Note that while this works natively in Chrome, it doesn't in Firefox, despite a bug being opened in 2003: https://bugzilla.mozilla.org/show_bug.cgi?id=202251

Also with all things Unicode this is a can of worms. What works well for the English language and Latin scripts might not be simple elsewhere. Also as others have pointed out, any such accent-insensitivity would need to be a separate option.

'e'.localeCompare('é', undefined, {sensitivity:'base'}) would appear to be helpful here, but the options param is not supported in IE<11

We could just disable the feature in IE9/10 then?

Change 339931 had a related patch set uploaded (by Esanders):
Icon for diacritic insensitive search

https://gerrit.wikimedia.org/r/339931

Change 339932 had a related patch set uploaded (by Esanders):
Diacritic insensitive search in find & replace dialog

https://gerrit.wikimedia.org/r/339932

Change 339933 had a related patch set uploaded (by Esanders):
[PULL THROUGH] Diacritic insensitive search

https://gerrit.wikimedia.org/r/339933

Do we have data to on the actual usage and need for an ability to search with and without diacritics as a search option?
It seems to be a very minor use-case to justify adding another icon option, esp. an icon that is fairly obscure and hard to determine.

Going through the steps in the scenario, if a user wants to search for "olé" and type in "ole" without the accented é and get "0 results", then it is quite simple for them to amend the search term to include the diacritic since it is something they wish to find.

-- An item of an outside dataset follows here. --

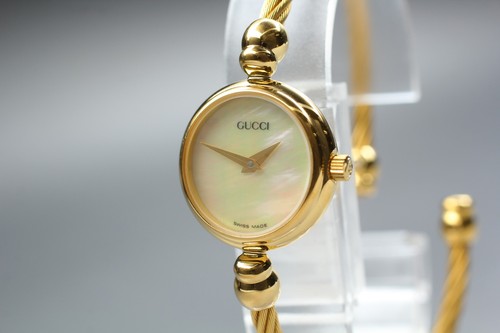 Quasi nuovo gucci - gucci, 2700.2.l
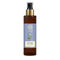 Forest Essentials Shudhi Skin Clarifying Facial Spray Face Toner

It wouldn't be so simple to enter an exact term containing accents unsupported by the user's keyboard. For example, an English Wikipedia editor may want to search for Paul Erdős or Owain Glyndŵr without even knowing (or caring) what accents their names contain, let alone knowing how to type them.

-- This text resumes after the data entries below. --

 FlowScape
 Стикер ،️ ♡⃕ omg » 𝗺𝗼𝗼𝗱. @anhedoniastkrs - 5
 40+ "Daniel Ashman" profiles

I agree usage stats would be very interesting. Certainly every language's Wikipedia contains many names with accents not normally typed in that language.

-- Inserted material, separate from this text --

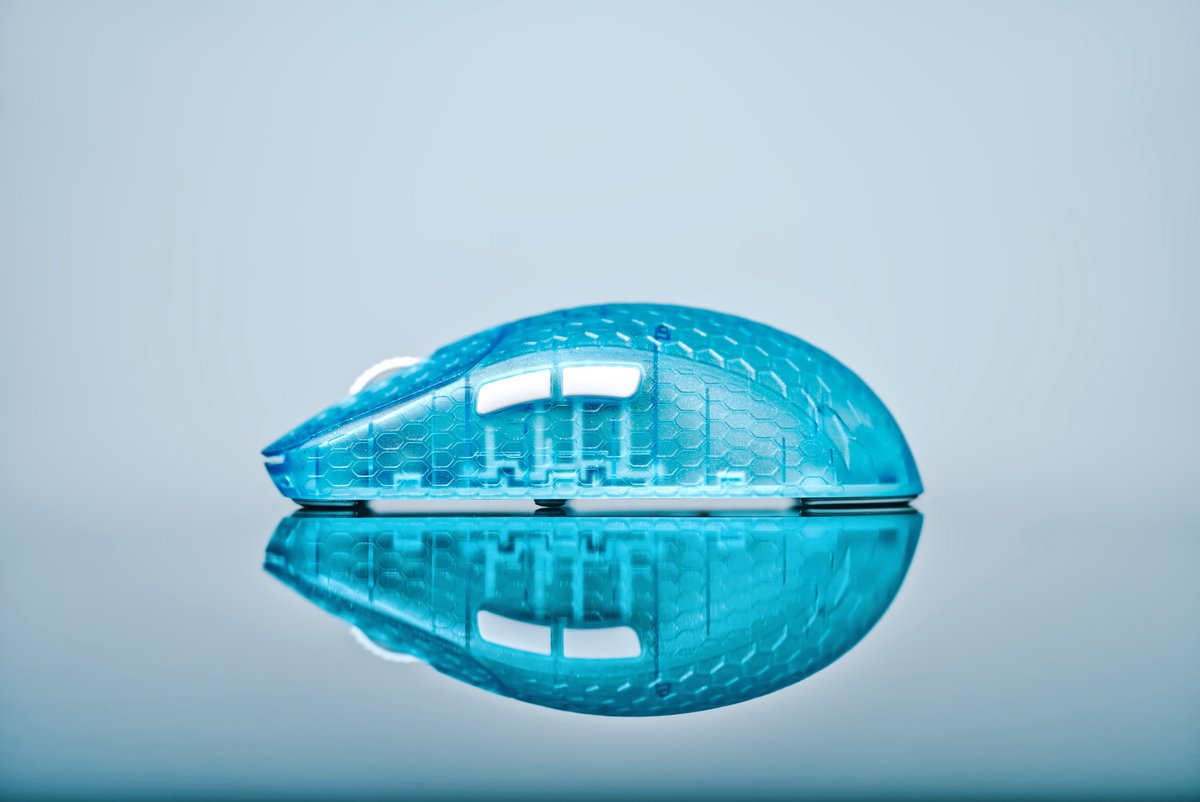 オルカ🆇 (@orukaorcat) / Posts / X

It wouldn't be so simple to enter an exact term containing accents unsupported by the user's keyboard. For example, an English Wikipedia editor may want to search for Paul Erdős or Owain Glyndŵr without even knowing (or caring) what accents their names contain, let alone knowing how to type them.

The above scenario is possible, but in practice is it actually likely? If an editor wants to search for a term whilst editing, they most likely would (and should) know the correct spelling of the term they would like to search, since the main use-case intent would be to search for a term to replace/update.

Just reiterating that adding a new icon to the UI is unnecessarily adding complexity to mode that already has 3 different search options. Looking at usage stats of these existing options would be helpful as well.

It wouldn't be so simple to enter an exact term containing accents unsupported by the user's keyboard. For example, an English Wikipedia editor may want to search for Paul Erdős or Owain Glyndŵr without even knowing (or caring) what accents their names contain, let alone knowing how to type them.

The above scenario is possible, but in practice is it actually likely? If an editor wants to search for a term whilst editing, they most likely would (and should) know the correct spelling of the term they would like to search, since the main use-case intent would be to search for a term to replace/update.

I think it is very likely. Many English articles on foreign people contain accents that most English users either don't know about or don't know how to type.

As the product owner, I've already decided to add this feature.

Though I appreciate (and share!) the curiosity, for such a minor feature ("8 points" ~= 2–3 engineer days) I don't think the high expense of coming up with reliable figures given that there are comparable features in similar products (if mostly aimed at the more 'techy' user base).

@RHo Here's a resource I find interesting: https://www.translatemedia.com/us/blog-us/the-death-of-the-accent-its-impact-on-search/

FWIW, as a french speaker, I tend to omit the accents when searching online, although I am very picky about grammar in my writings. I do expect search to be diacritic-insensitive, and by default (I don't even see why we'd make it an option).

(I don't even see why we'd make it an option).

You may have two words that differ only by accent but that have different meanings. If you wanted to use replace-all this would be difficult if you couldn't distinguish between them.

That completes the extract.